### The input ###

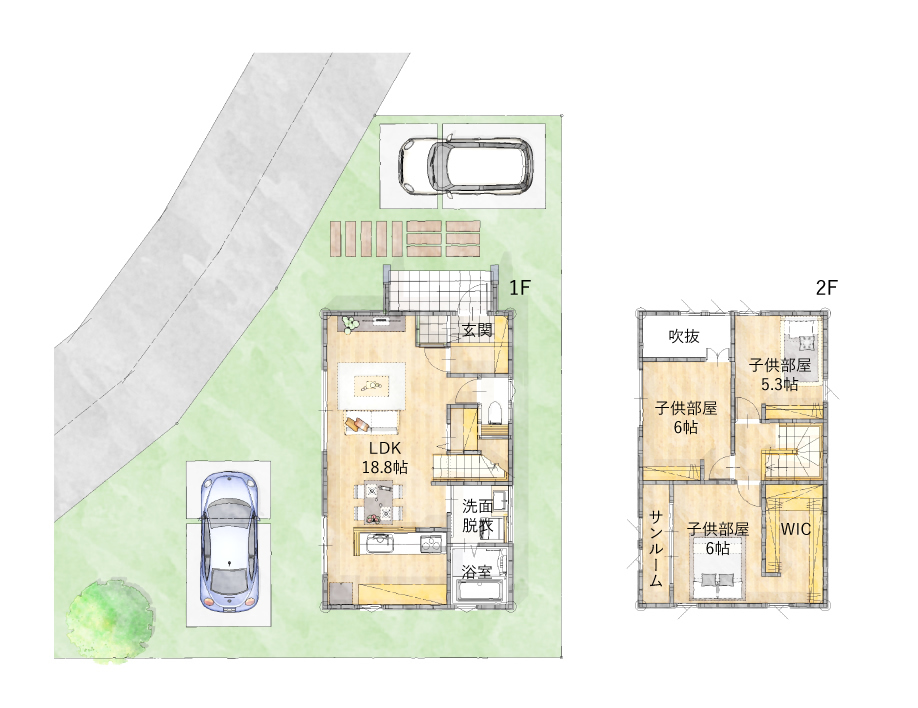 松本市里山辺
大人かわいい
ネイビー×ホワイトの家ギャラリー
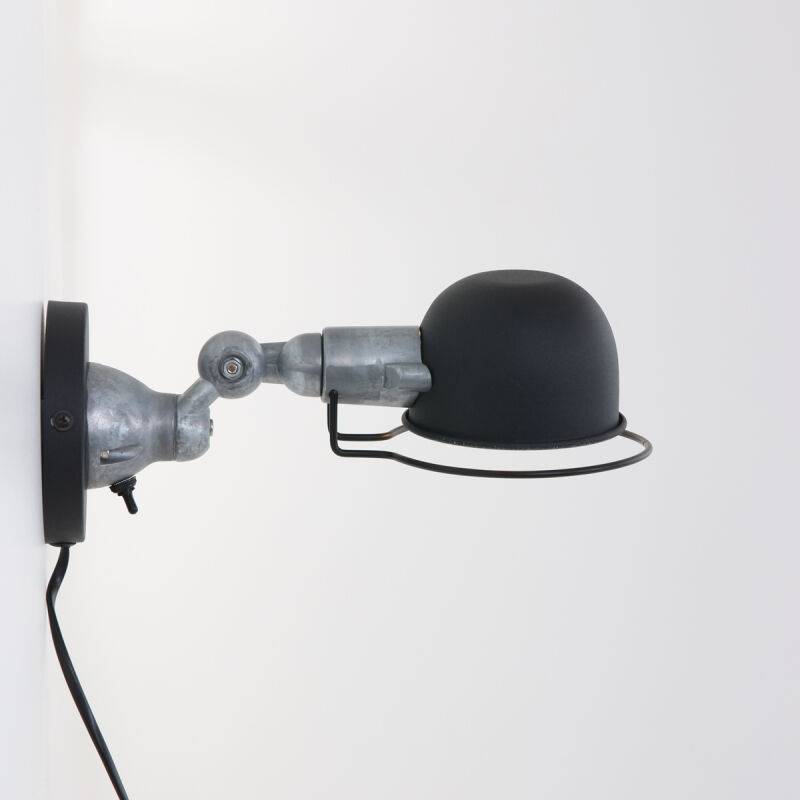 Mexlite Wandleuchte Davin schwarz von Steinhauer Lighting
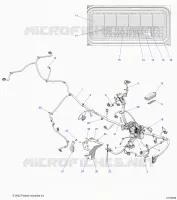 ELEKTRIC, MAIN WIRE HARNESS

###
### The input ###

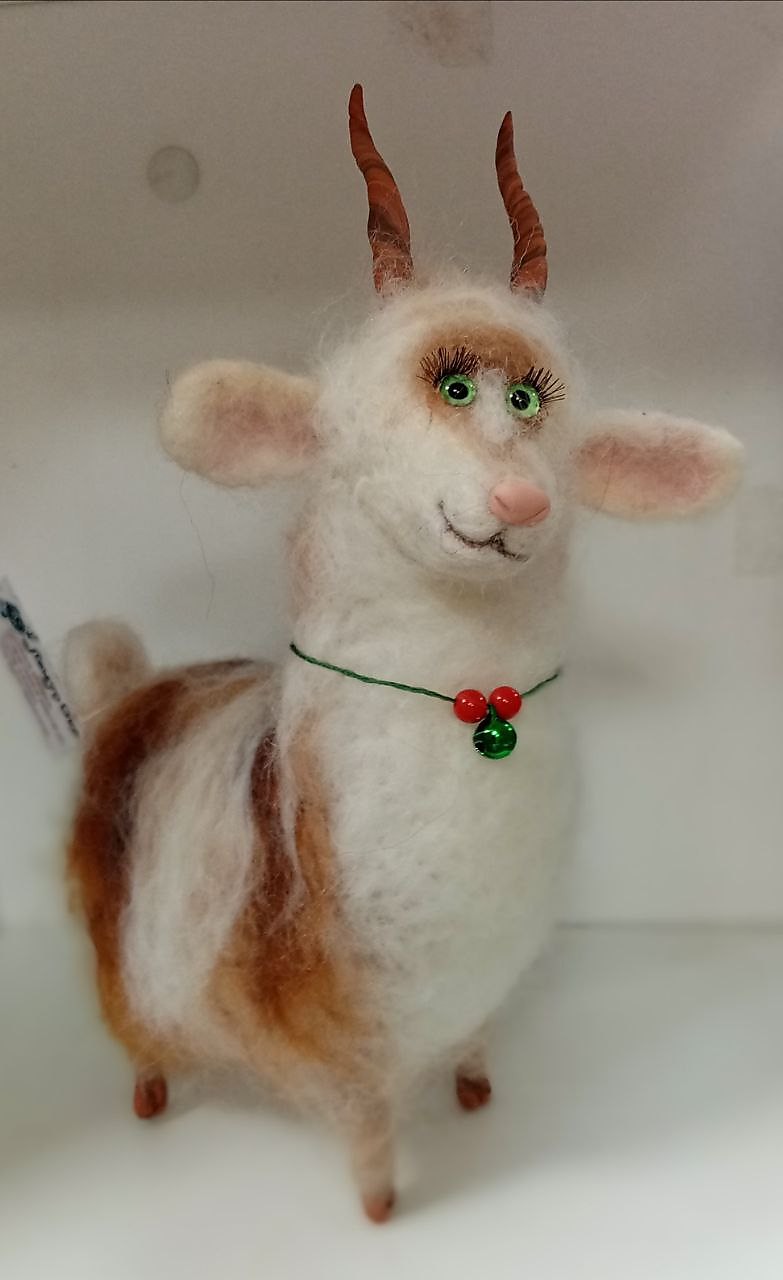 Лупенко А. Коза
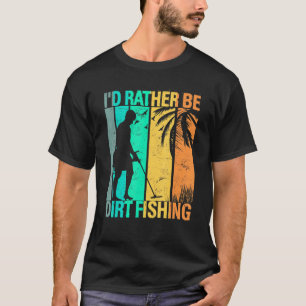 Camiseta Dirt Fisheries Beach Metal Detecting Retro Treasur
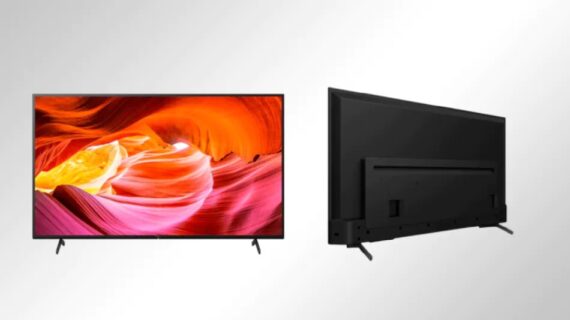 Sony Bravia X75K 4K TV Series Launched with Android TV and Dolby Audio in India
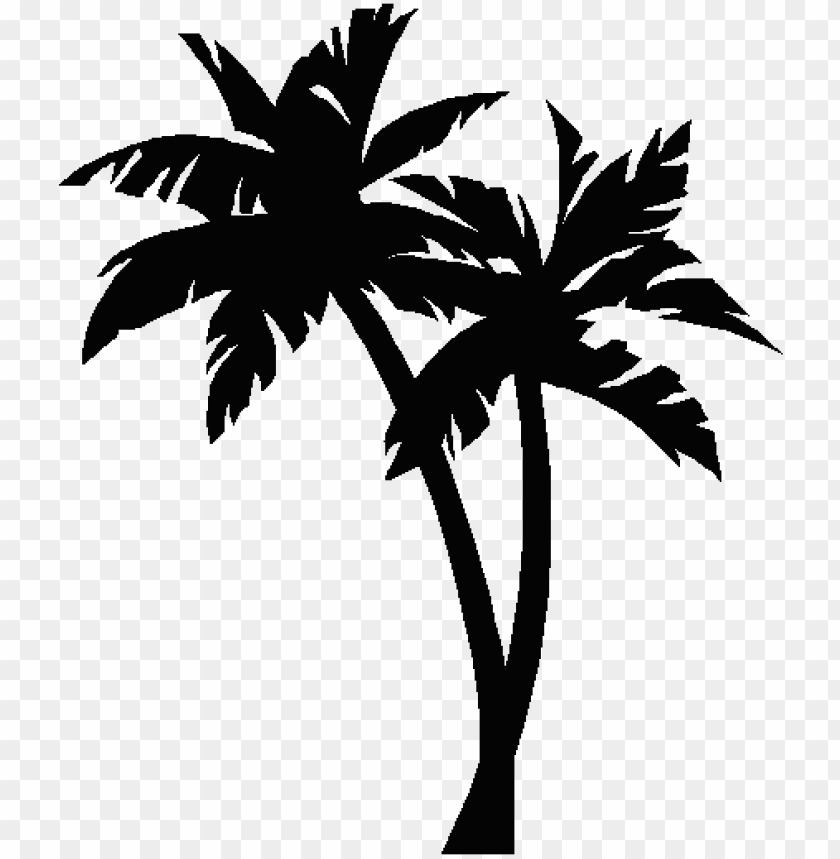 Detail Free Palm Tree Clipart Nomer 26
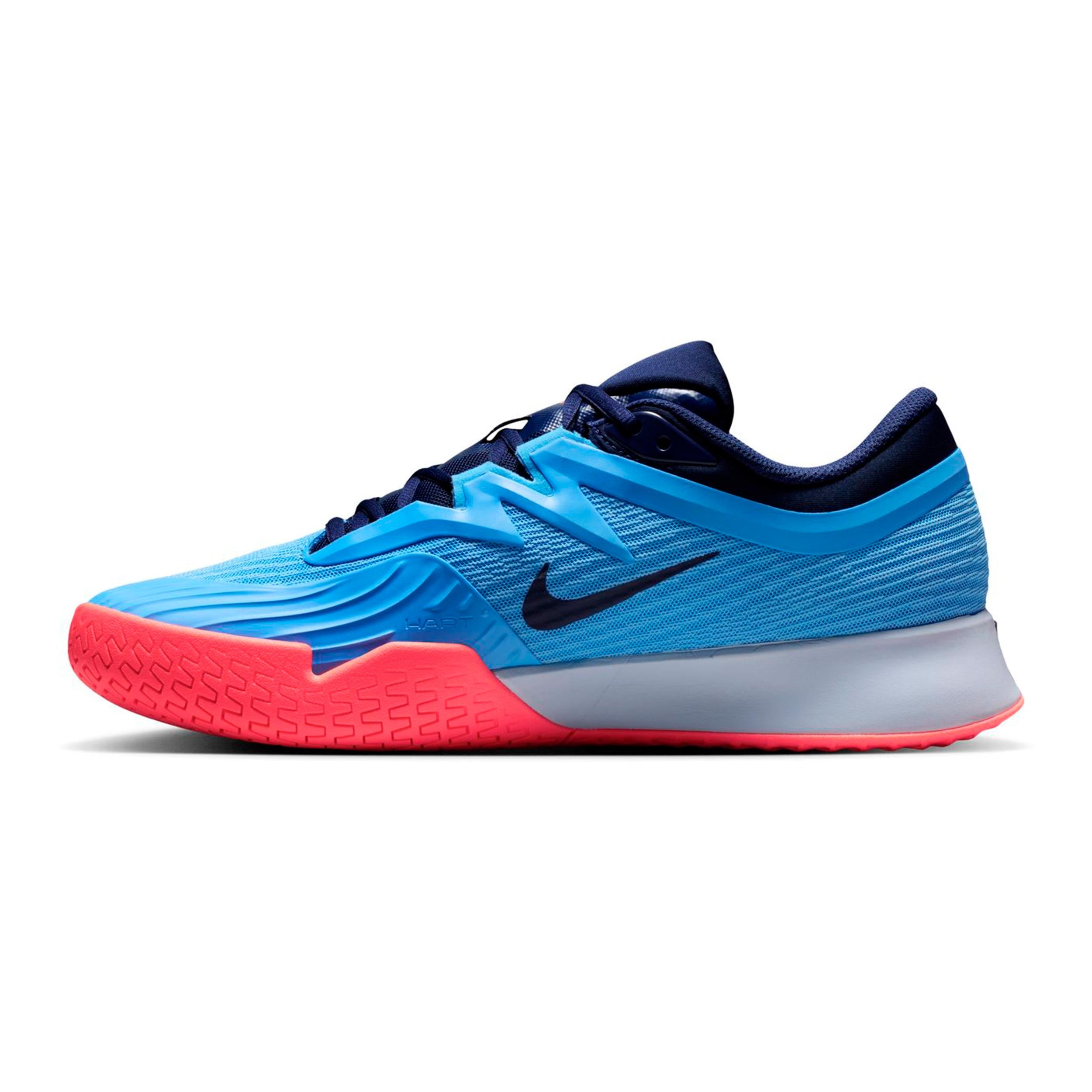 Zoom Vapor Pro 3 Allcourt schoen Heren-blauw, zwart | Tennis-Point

###
### The input ###

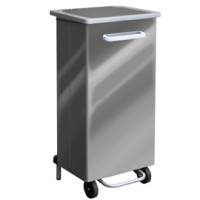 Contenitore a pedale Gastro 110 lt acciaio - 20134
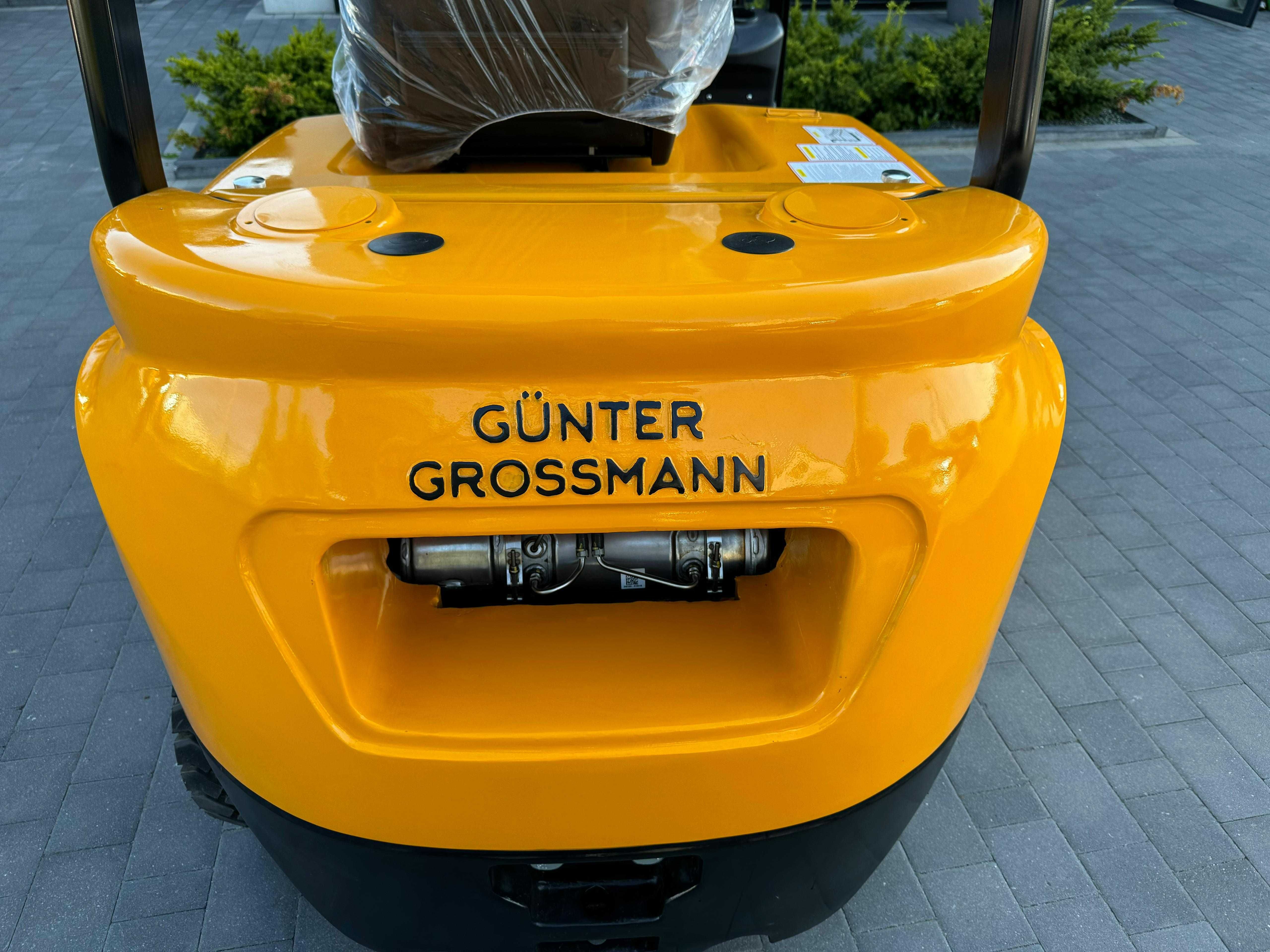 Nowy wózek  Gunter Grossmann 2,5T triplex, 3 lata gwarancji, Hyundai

###

### Directions
Would you set down only the lines above from the line with "Лупенко А. Коза" to the line with "Zoom Vapor Pro", both included, exactly as they stand and without the pictures?

### Output of the task
 Лупенко А. Коза
 Camiseta Dirt Fisheries Beach Metal Detecting Retro Treasur
 Sony Bravia X75K 4K TV Series Launched with Android TV and Dolby Audio in India
 Detail Free Palm Tree Clipart Nomer 26
 Zoom Vapor Pro 3 Allcourt schoen Heren-blauw, zwart | Tennis-Point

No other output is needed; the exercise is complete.